Additionally, if a large amount of calcium is present, this may indicate the need for further investigation of the arteries with stress testing or through coronary angiography, which are procedures that look at how blood is flowing through the arteries.
Your cardiologist will determine the best treatment options for you.
What should I expect if I have a calcium scoring screening?
In total, the imaging process should not take more than 30 minutes, says Marsha Cobb, technologist at St. Joseph’s Hospital. Upon arrival, you will register and then be called back to a CT room. Electrodes will be placed on your chest to monitor your heart during the screening.

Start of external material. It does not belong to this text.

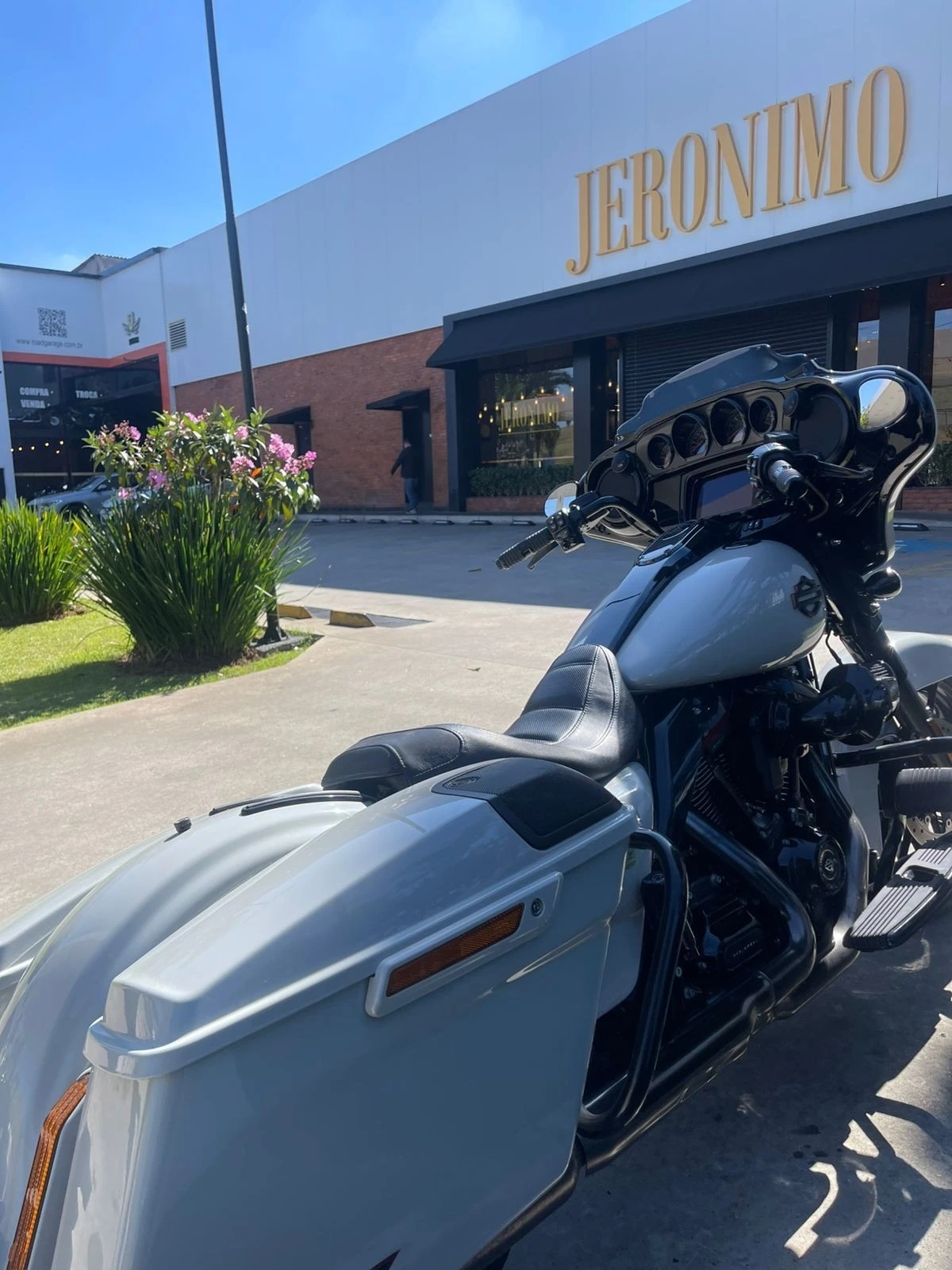 HARLEY-DAVIDSON CVO STREET GLIDE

Contrast – an agent that improves the visibility of the anatomy for clearer images – is not used during this screening. Nor is an IV needed, Cobb says.
You will lie down on the CT bed, which moves back and forth as the machine takes images of your heart. The scan itself takes only about two minutes.
“It’s a quick and simple test,” Cobb says. “The machine is pretty big and open so you are not confined. You are sliding back and forth so you are not under there the entire time, which is good for those who are claustrophobic. In fact, the majority of patients who are claustrophobic do not have issues with this machine.”
Patients who have this screening are allowed to drive home and return to normal activity immediately after completing the test, Dr. O’Mara adds.
Some insurance companies will cover all or some of the cost of this screening. However, if your insurance company doesn’t, or you just wish to have this screening, St. Joseph’s/Candler offers this self-paid procedure for just $100.
A physician’s order is required for calcium scoring. Talk to your primary care doctor or cardiologist to see if you are a candidate.